Exhibit 99.2
(1) On November 7, 2005, Xxxxxx X. Xxxxxx, Second Xxxxxxx Xxxxxxx Limited
Partnership and Xxxxxx Enterprises, Inc. (collectively, the "Xxxxxx
Stockholders") and NBC Palm Beach Investment II, Inc. ("NBC Palm Beach II")
entered into a Call Agreement (the "Call Agreement"). Pursuant to the Call
Agreement, the Xxxxxx Stockholders granted NBC Palm Beach II (or its
permitted transferee) the right to purchase (the "Call Right") 15,455,062
shares of Class A Common Stock and 8,311,639 shares of Class B Common Stock
(the "Call Shares"). Pursuant to the Master Transaction Agreement among ION
Media Networks, Inc. ("ION"), NBC Universal, Inc. ("NBCU"), NBC Palm Beach
Investment I, Inc., NBC Palm Beach II and CIG Media, L.L.C. ("CIG Media"),
dated as of May 3, 2007 (the "Master Transaction Agreement"), NBC Palm
Beach II transferred the Call Agreement to CIG Media on May 4, 2007. The
Master Transaction Agreement required CIG Media to exercise the Call Right
concurrently with the assignment of the Call Agreement, which was done on
May 4, 2007. However, pursuant to the Call Agreement, the obligation of the
Xxxxxx Stockholders to deliver the Call Shares to CIG Media was conditioned
on certain material conditions, including Federal Communications Commission
(the "FCC") approval, which approval shall have become a final order, of
the purchase of the Call Shares by CIG Media and other conditions contained
in the Call Agreement. On December 31, 2007, the FCC released an order
approving the transfer of control of ION from Xxxxxx X. Xxxxxx and Xxxxxx
Management Corporation to CIG Media. However, the FCC order is not a final
order and is subject to reconsideration or judicial review. If neither
reconsideration nor judicial review is initiated, the FCC order will become
a final order 40 days from the date it became effective. Under the Call
Agreement, the requirement of a final order from the FCC may be waived, and
CIG Media, by closing on the purchase of the Call Shares, has waived that
condition. This Form 4 is being filed by the reporting persons to report
the acquisition and subsequent exercise of the Call Right as well as the
acquisition of shares of Class A Common Stock and Class B Common Stock,
which were acquired in connection with the closing of the Call Right on
January 8, 2008.
(2) The reporting persons to whom the information set forth on this Form 4
relates are Citadel Limited Partnership, Xxxxxxx Xxxxxxx ("Xx.
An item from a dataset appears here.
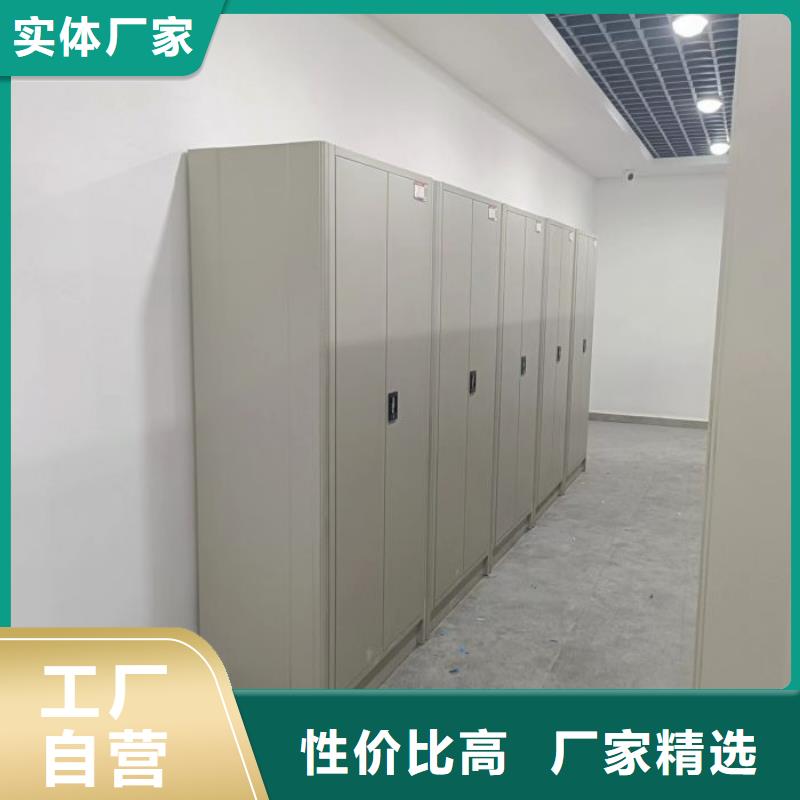 营业网点【鑫康】挂电表密集柜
Xxxxxxx"),
Citadel Investment Group, L.L.C. ("CIG"), and CIG Media. Xx. Xxxxxxx is the
president and chief executive officer of CIG and owns a controlling
interest in CIG. CIG is an affiliate of CIG Media. The reporting persons
and NBCU and affiliates of NBCU may be deemed to be a group for purposes of
Section 13(d) of the Securities Exchange Act of 1934, as amended. However,
neither the filing of this Form 4 nor any of its contents will be deemed to
constitute an admission that any of the reporting persons is a member of a
group for purposes of Section 13(d) with NBCU or any of its affiliates, or
for any other purpose, and any such group is expressly disclaimed. In
addition, each of the reporting persons disclaims beneficial ownership of
the securities of the Issuer reported herein except to the extent of his or
its pecuniary interest therein.
(3) The acquisition of the Call Right was made in connection with a series of
transactions contemplated by the Master Transaction Agreement.